Ursprung der Weihnachtskrippe
Um den Ursprung der Weihnachtskrippe ranken sich viele Geschichten. So soll der Brauch auf den heiligen Franz von Assisi zurückgehen: Anstelle einer Predigt stellte er 1223 die Weihnachtsgeschichte mit lebenden Tieren und Menschen nach. Frühchristliche Darstellungen reduzieren das Geschehen auf das Jesuskind in der Krippe, flankiert von Ochs und Esel. Weder der eine noch der andere werden in den Evangelien erwähnt. Lukas, der die Geburt Christi in Bethlehem ausführlicher beschreibt, erwähnt lediglich dass Maria ihr Neugeborenes in Windeln wickelte und in eine Krippe legte. Ochs und Esel wurden später hineininterpretiert, wohl auf Grundlage einer mahnenden Bibelstelle im Buch Jesaja. Auch Weihnachtsdarstellungen auf spätgotischen Gemälden oder Schnitzaltären kommen als Vorbild für die Krippen infrage.
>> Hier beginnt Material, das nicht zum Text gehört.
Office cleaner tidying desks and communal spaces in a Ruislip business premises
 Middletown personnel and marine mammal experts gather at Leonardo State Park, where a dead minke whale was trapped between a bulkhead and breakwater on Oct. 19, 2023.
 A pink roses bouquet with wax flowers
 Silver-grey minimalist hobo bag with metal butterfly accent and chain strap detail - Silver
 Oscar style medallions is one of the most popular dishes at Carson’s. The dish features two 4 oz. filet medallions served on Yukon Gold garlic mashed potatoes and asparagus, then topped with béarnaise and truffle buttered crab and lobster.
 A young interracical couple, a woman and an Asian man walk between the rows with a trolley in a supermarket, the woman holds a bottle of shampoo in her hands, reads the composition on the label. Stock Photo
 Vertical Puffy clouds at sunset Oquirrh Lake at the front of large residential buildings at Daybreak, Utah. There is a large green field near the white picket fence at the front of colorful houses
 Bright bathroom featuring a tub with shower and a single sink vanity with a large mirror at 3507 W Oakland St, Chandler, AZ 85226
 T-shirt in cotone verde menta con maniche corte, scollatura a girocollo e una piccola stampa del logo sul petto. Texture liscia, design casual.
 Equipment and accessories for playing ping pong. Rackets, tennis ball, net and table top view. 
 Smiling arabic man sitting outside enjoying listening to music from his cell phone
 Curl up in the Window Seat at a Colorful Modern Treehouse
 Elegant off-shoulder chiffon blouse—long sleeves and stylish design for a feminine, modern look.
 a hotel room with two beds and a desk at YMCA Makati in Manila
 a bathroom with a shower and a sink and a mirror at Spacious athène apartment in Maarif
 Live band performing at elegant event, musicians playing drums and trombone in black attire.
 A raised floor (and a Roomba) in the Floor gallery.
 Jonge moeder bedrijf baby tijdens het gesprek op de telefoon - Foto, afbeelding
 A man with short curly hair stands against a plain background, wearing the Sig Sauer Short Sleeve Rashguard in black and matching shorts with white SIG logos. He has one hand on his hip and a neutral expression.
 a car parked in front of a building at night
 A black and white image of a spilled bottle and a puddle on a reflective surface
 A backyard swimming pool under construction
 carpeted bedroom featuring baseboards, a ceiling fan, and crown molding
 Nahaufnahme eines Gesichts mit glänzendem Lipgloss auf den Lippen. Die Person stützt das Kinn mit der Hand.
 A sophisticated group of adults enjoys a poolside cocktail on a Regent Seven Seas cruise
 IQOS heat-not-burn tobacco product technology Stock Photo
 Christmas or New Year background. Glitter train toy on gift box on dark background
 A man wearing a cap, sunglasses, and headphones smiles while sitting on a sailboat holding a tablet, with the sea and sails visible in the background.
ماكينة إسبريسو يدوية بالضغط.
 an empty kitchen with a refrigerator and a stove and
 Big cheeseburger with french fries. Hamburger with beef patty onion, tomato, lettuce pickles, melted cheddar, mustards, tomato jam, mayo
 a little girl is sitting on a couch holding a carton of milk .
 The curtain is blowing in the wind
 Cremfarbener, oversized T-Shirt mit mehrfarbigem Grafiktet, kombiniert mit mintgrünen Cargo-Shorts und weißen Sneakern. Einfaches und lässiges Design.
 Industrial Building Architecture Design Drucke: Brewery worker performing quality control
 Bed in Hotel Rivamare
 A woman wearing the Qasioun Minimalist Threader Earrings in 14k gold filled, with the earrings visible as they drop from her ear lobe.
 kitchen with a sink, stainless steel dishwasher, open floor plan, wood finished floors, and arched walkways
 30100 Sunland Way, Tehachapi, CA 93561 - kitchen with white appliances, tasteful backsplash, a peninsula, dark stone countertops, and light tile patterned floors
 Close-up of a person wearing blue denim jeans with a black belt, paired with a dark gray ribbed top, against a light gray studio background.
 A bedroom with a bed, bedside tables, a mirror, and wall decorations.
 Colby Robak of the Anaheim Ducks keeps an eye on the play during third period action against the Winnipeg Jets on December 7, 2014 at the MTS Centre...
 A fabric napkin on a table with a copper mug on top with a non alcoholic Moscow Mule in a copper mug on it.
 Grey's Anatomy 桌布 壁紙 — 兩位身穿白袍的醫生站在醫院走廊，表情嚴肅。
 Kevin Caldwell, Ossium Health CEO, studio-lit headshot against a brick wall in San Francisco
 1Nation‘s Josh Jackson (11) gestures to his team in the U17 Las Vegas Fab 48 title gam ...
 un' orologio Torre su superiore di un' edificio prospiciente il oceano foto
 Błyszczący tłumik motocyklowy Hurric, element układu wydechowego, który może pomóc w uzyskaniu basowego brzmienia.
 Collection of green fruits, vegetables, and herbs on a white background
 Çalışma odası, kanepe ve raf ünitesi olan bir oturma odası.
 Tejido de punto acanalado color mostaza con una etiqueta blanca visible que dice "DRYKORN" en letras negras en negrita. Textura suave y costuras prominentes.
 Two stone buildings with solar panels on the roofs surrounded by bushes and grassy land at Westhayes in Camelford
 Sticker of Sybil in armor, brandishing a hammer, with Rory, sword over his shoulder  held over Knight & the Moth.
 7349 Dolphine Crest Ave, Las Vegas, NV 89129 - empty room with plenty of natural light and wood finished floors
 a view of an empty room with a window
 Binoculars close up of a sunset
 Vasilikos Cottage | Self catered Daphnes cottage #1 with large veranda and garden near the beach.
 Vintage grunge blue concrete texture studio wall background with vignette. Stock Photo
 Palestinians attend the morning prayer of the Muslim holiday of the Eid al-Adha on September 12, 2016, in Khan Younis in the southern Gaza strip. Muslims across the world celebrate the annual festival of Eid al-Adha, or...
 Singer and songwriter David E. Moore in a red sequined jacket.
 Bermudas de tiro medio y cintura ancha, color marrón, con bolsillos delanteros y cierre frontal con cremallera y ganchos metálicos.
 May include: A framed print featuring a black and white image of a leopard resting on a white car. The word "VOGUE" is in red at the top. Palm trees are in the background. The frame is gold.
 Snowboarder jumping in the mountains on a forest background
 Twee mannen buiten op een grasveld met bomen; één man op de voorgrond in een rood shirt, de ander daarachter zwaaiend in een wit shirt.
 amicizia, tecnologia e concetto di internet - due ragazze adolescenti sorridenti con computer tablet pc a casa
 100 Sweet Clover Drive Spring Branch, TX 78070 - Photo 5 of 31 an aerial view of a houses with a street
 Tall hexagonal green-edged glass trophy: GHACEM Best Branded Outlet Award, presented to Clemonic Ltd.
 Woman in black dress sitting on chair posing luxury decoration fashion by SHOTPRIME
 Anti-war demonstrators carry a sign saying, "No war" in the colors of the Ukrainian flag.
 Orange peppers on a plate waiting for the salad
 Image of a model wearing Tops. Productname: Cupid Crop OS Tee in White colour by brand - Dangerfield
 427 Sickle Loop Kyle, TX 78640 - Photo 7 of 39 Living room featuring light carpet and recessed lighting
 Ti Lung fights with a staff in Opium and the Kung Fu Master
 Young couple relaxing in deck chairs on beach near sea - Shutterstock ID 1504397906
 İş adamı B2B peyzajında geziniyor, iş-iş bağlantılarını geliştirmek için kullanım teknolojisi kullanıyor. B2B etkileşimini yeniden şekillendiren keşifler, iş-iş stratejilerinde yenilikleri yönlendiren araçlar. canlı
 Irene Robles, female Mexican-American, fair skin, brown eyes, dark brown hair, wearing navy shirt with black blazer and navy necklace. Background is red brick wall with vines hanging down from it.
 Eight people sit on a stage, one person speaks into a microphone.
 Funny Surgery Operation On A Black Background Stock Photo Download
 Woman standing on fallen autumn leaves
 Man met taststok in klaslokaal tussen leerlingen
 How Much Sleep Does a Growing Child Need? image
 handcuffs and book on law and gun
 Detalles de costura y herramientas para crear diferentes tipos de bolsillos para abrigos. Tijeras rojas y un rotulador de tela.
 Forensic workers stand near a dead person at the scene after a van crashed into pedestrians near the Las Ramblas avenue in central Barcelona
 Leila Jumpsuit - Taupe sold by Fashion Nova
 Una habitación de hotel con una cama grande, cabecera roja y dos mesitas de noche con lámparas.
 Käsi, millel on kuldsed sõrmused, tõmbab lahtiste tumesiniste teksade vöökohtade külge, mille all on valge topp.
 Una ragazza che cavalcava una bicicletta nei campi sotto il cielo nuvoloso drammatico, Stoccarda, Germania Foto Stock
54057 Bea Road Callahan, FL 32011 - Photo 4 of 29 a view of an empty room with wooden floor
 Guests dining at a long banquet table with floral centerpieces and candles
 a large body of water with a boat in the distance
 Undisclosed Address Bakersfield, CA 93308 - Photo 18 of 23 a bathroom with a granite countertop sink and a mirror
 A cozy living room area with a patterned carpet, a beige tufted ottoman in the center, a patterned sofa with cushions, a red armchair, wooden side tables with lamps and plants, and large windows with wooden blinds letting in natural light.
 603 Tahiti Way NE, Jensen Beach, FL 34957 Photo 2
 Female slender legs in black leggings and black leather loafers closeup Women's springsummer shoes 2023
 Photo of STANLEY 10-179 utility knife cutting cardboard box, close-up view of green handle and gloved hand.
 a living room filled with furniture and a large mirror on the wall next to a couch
Erst in dieser Zeit setzte sich die dreifigurige Kernfamilie als Mittelpunkt durch. Davor hatten die Künstler Josef als Nährvater Jesu lange vernachlässigt. Er tauchte entweder gar nicht auf oder führte ein Schattendasein am Rande. Immerhin wird er dort oft als erster Hausmann der Geschichte tätig – wäscht Windeln oder kocht Brei fürs Baby.